Há sensivelmente ano e meio ano, vimos subir ao palco das Conferências do Estoril quatro super juízes que encarnavam a luta do Bem contra o Mal: Sérgio Moro, Baltazar Garzon, António Di Pietro e Carlos Alexandre. Os quatro super juízes ou juízes estrela que aceitaram partilhar o palco dos salvadores da pátria, protagonistas da luta contra o crime financeiro e a corrupção.

Estávamos em maio de 2017. Baltazar Garzon continua impedido de ser juiz. Sérgio Moro aceitou ser ministro da Justiça de Bolsonaro depois de ter criado as condições políticas para que o reinado do PT chegasse ao fim. Se o PT foi trágico para o Brasil, é trágico que o rosto do seu carrasco lance a dúvida sobre a sua isenção na condução da maior operação judicial da História do Brasil.

Estamos na era dos fins que justificam os meios. A Justiça em modo reality show. Mas já não estamos no pico de popularidade dos super juízes. Esse estatuto messiânico converte-se a passos largos numa dúvida cartesiana. Quando o culto da personalidade dos protagonistas se sobrepõe aos processos, nem que seja na esfera da opinião pública, podemos mesmo continuar a depositar a nossa confiança nos órgãos da Justiça?

Uma das reflexões mais importantes de 2018, e que transita para o ano que acaba de começar, é justamente a que urge fazer sobre a Justiça.

Os mega processos judiciais tornados mediáticos tiveram o efeito perverso e nefasto de nos pôr a todos a pensar nesta possibilidade pérfida de que a Justiça se joga no tabuleiro da narrativa e da opinião pública e não na procura da verdade suportada nos factos.

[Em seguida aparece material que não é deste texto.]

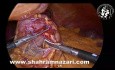 Concomitant Cholecystectomy During Laparoscopic Sleeve Gastrectomy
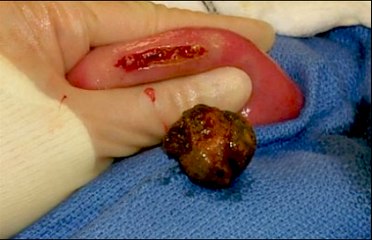 What Are Gallstones?
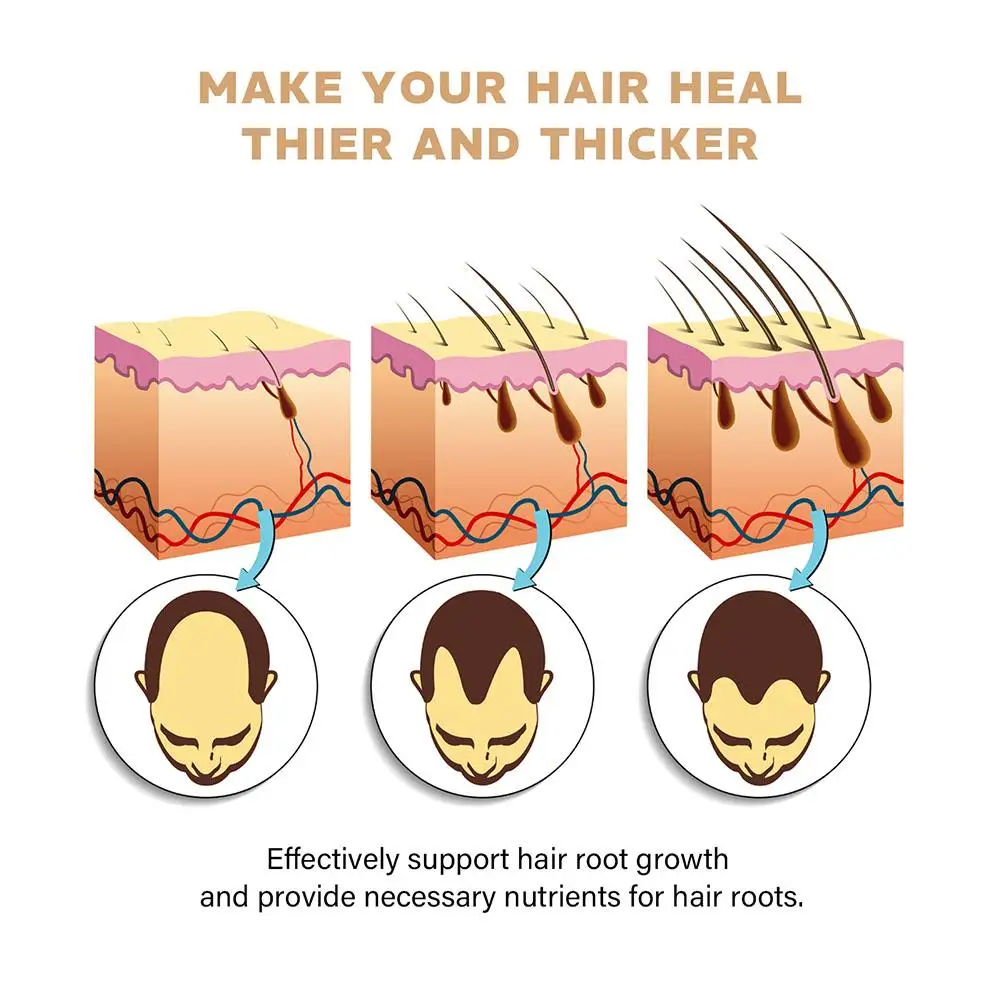 شامبو منشط الجذر، بلسم إعادة نمو الشعر الرمادي، صابون شامبو لتقوية الشعر من أجل لهاي ناعم وقوي K9J2 #4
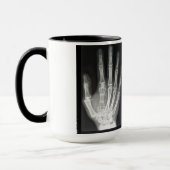 手のX線の女王 マグカップ (左)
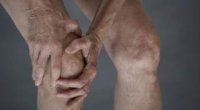 Хвороба гоффа – проблеми колінного суглоба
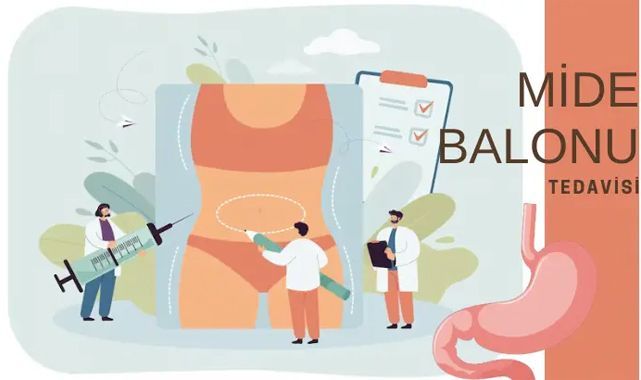 Mide Balonu Nedir?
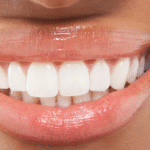 composite bonding featured image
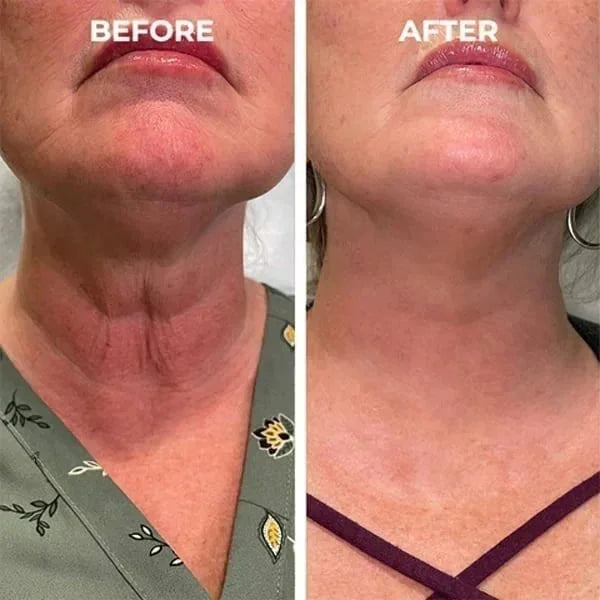 Last Day Sale: 70% OFF 💧 TLOPA® SkinFirming Rejuvenating serum 💧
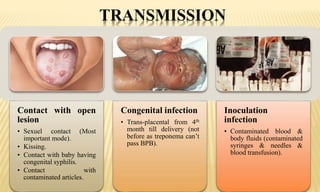 TRANSMISSION
Contact with open
lesion
• Sexuel contact (Most
important mode).
• Kissing.
• Contact with baby having
congenital syphilis.
• Contact with
contaminated articles.
Congenital infection
• Trans-placental from 4th
month till delivery (not
before as treponema can’t
pass BPB).
Inoculation
infection
• Contaminated blood &
body fluids (contaminated
syringes & needles &
blood transfusion).
 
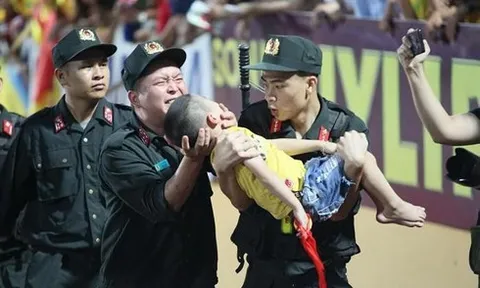 Đại úy CSCĐ cắn răng để bé trai cắn tay ở Nam Định nói gì về việc làm của mình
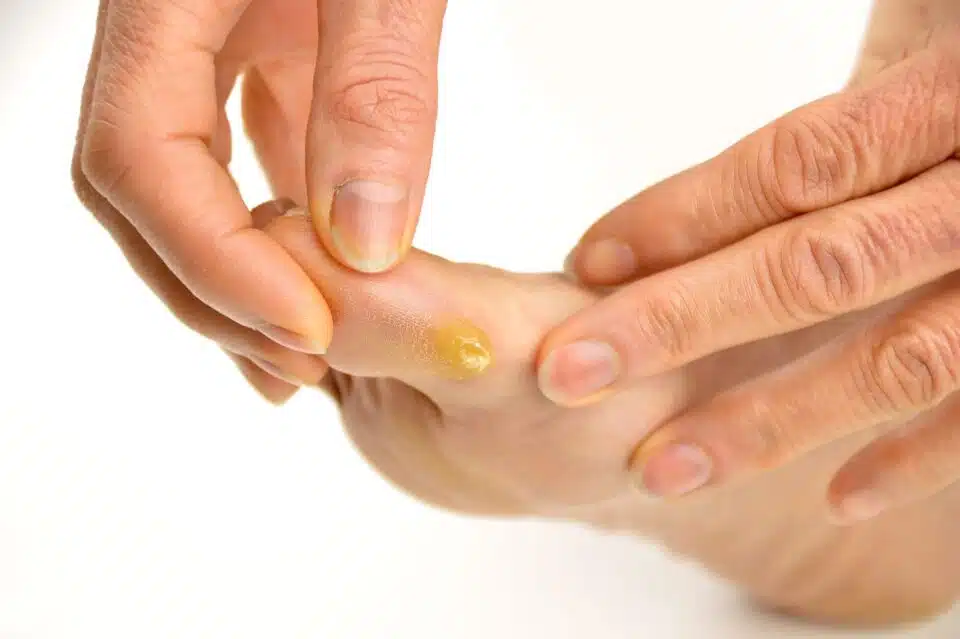 Close up of foot callus on side of the foot
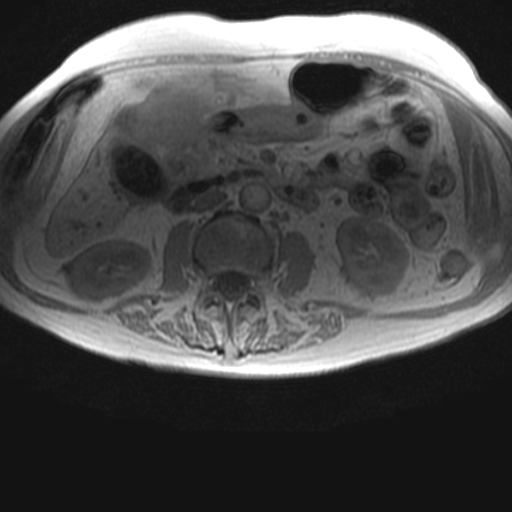File:Cholangiocarcinoma - mass-forming pattern (Radiopaedia 16017-15677 T1 in-phase 23).jpg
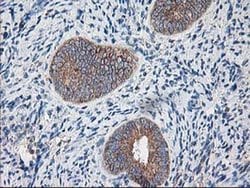 RPN1 Monoclonal Antibody (OTI3H3), TrueMAB , OriGene 30 &mu;L; Unconjugated:Antibodies,
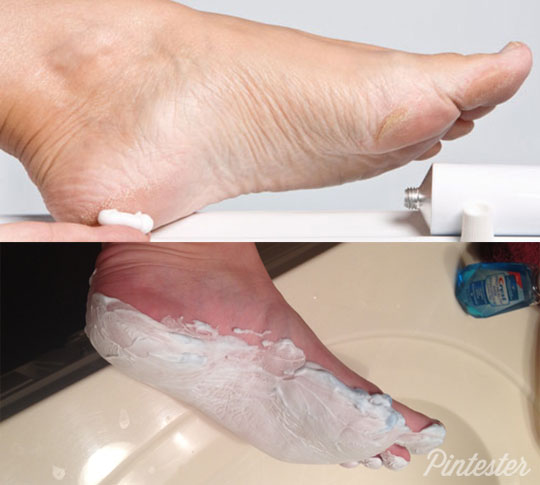 Listerine Foot Soak Pinterest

O rastilho foi ateado quando começámos a ver detenções em direto, violações do segredo de Justiça que prejudicavam a imagem pública dos arguidos, entrevistas de juízes que faziam sugerir que a Justiça se tinha tornado num ringue onde, num canto tínhamos o acusador, no outro o arguido ou os seus advogados. E quem se colocasse contra o acusador, ainda que questionando o processo, estava a defender os poderosos. Estava do lado errado da Justiça, mesmo que até torcesse para que as teses da acusação fossem de tal maneira irrefutáveis por provas que levassem a condenações.

Diz-se que o tempo da Justiça não é o tempo da política, sugerindo que a Justiça é impermeável a pressões. Mas o que a mediatização da Justiça veio fazer, desta feita promovida por quem mais devia protegê-la da erosão, é pôr-nos a questionar se também para os atores da Justiça não há um tempo certo.

Nos últimos meses vimos lançada a dúvida sobre sorteios de mega processos por dois juízes de instrução. Assistimos a falhas que continuam por explicar no sistema informático que gere o sistema de Justiça. Assistimos a entrevistas de personalidade dos seus protagonistas. Quando abrem essa caixa de Pandora, descem, de facto, à condição de cidadão comum a quem é legítimo perguntar se o seu tempo é o da Justiça ou o do cidadão comum que se coloca à mercê da opinião pública volátil e, em tempos mediáticos, soberana porque dita perceções.

E se há domínio em que não pode haver perceções mas sim uma confiança inabalável é o domínio da Justiça. O debate começou no dia em que os juízes saíram dos tribunais e se sentaram à mesa com o povo.